(Saved data entries)
——————————

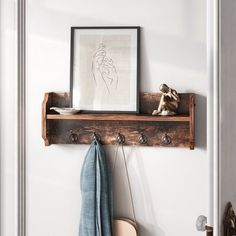 a wooden shelf with coat hooks on it and a framed picture hanging over the top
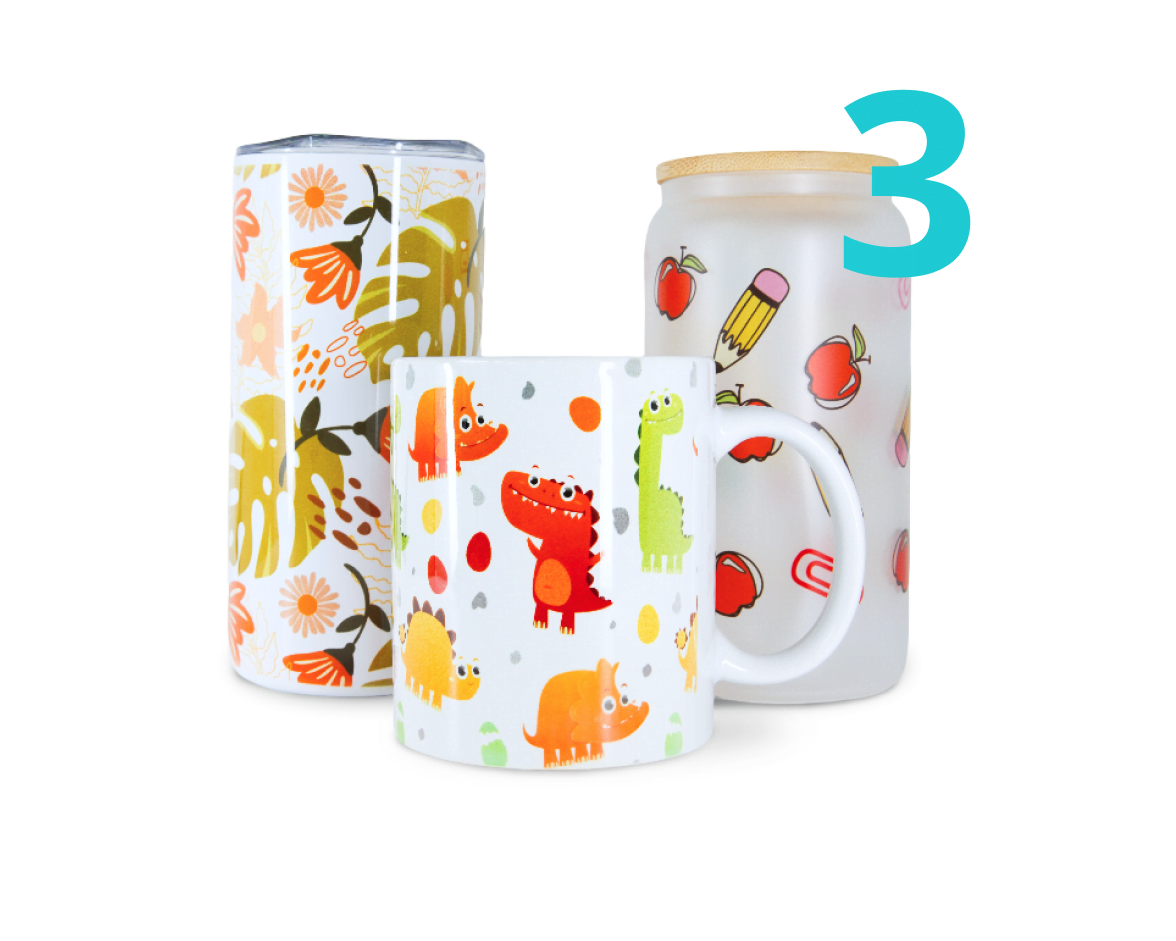 A mug with dinosaur sublimation print, tumbler with leaves and flowers and glass yars with apples and pencils.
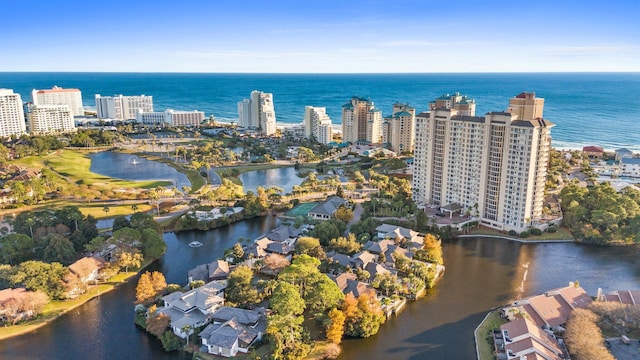 birds eye view of property featuring a city view and a water view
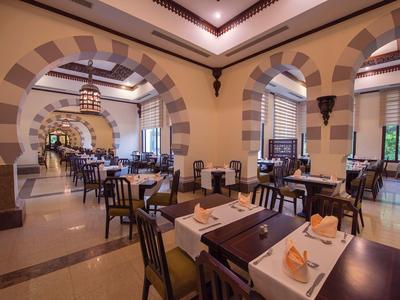 Elegantní restaurace s vysokými stropy a prostorným posezením v teplých barvách.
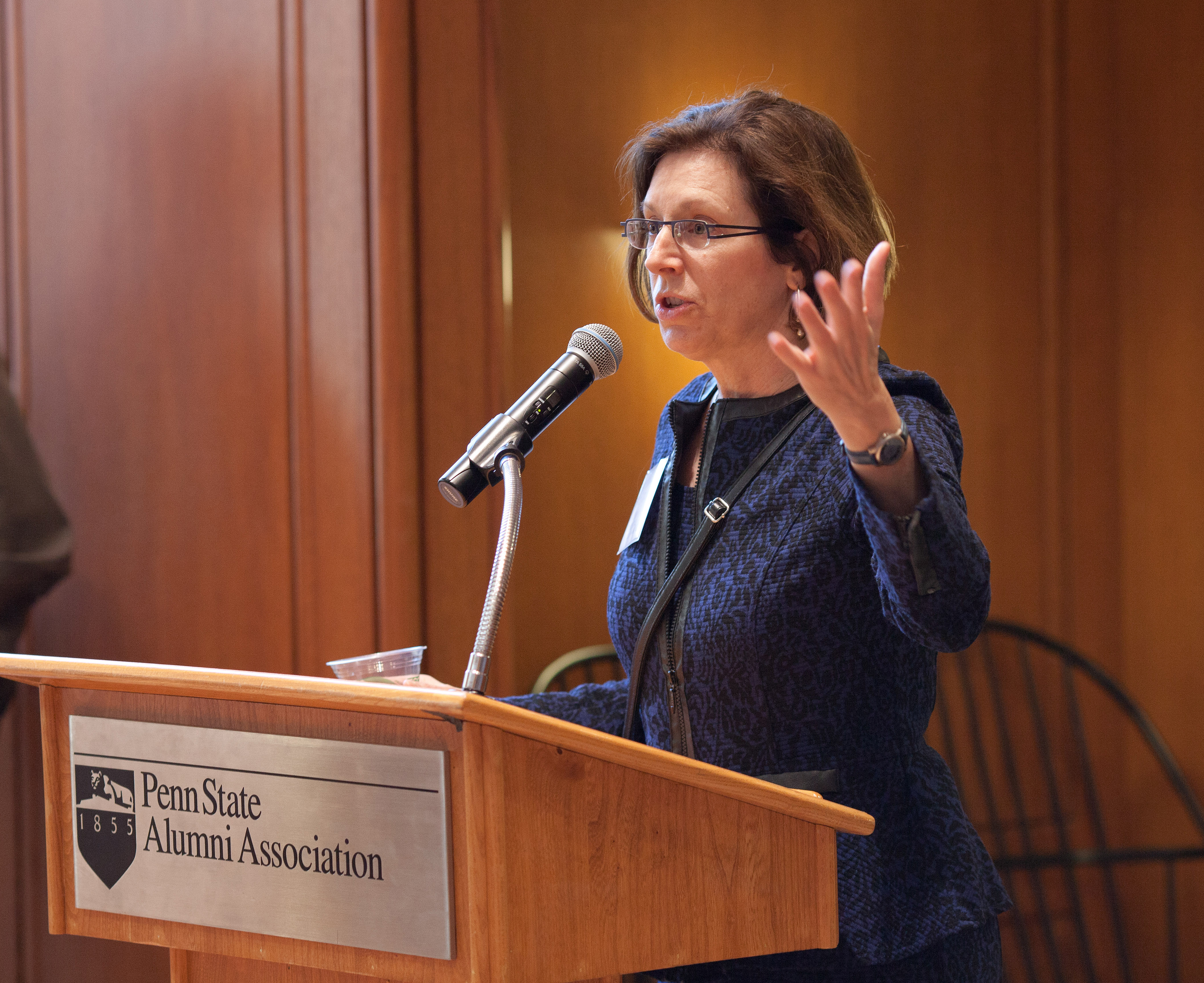 Kelleann Foster speaks at a podium featuring the Penn State Alumni Association logo.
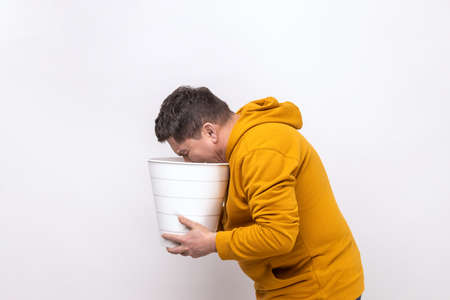 Side view of middle aged man feeling sudden stomach pain, suffering nausea and vomit, holding bin in hands, indigestion, wearing urban style hoodie. Indoor studio shot isolated on white background.の写真素材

——————————

## What you should do
Every record above must be copied exactly, and no picture may appear in the copy.

## Answer to the exercise
 a wooden shelf with coat hooks on it and a framed picture hanging over the top
 A mug with dinosaur sublimation print, tumbler with leaves and flowers and glass yars with apples and pencils.
 birds eye view of property featuring a city view and a water view
 Elegantní restaurace s vysokými stropy a prostorným posezením v teplých barvách.
 Kelleann Foster speaks at a podium featuring the Penn State Alumni Association logo.
 Side view of middle aged man feeling sudden stomach pain, suffering nausea and vomit, holding bin in hands, indigestion, wearing urban style hoodie. Indoor studio shot isolated on white background.の写真素材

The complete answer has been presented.